Action item.
Write out, as an exact transcription, the line that has "Claimer can automatically" and each line after it through the end of the data below.

Stored data entries:
'''

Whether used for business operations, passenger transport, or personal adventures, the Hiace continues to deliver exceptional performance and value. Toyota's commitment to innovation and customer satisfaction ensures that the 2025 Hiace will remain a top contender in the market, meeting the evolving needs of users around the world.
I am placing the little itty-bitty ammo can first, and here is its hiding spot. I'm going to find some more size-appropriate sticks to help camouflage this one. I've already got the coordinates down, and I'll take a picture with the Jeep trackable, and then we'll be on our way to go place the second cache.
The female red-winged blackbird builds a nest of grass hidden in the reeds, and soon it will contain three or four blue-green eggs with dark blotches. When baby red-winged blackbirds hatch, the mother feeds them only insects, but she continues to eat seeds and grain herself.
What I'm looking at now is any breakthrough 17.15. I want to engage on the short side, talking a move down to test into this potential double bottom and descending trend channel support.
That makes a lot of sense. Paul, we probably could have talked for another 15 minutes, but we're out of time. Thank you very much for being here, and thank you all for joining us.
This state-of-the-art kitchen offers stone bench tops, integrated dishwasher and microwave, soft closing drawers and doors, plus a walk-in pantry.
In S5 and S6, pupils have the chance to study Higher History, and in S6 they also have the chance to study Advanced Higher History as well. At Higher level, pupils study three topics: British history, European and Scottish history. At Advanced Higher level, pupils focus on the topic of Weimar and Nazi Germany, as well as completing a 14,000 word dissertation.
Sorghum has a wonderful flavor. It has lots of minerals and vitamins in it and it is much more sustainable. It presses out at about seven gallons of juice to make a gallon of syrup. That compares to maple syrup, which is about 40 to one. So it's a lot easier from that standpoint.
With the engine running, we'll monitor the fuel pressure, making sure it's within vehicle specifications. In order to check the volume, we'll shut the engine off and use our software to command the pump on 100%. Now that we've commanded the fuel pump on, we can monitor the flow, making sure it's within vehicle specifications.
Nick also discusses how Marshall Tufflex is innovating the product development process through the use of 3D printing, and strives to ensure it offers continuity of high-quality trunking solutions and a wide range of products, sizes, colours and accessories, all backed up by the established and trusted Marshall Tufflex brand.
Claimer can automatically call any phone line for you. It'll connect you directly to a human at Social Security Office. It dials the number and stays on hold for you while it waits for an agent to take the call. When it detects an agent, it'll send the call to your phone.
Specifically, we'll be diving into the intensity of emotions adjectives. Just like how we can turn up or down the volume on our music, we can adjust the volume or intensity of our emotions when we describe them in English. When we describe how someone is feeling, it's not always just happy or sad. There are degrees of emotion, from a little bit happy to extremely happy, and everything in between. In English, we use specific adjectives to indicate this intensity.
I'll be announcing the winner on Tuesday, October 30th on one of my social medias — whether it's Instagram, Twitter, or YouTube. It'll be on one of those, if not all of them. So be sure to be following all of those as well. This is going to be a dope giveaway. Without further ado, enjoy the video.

'''

Result of this exercise.
Claimer can automatically call any phone line for you. It'll connect you directly to a human at Social Security Office. It dials the number and stays on hold for you while it waits for an agent to take the call. When it detects an agent, it'll send the call to your phone.
Specifically, we'll be diving into the intensity of emotions adjectives. Just like how we can turn up or down the volume on our music, we can adjust the volume or intensity of our emotions when we describe them in English. When we describe how someone is feeling, it's not always just happy or sad. There are degrees of emotion, from a little bit happy to extremely happy, and everything in between. In English, we use specific adjectives to indicate this intensity.
I'll be announcing the winner on Tuesday, October 30th on one of my social medias — whether it's Instagram, Twitter, or YouTube. It'll be on one of those, if not all of them. So be sure to be following all of those as well. This is going to be a dope giveaway. Without further ado, enjoy the video.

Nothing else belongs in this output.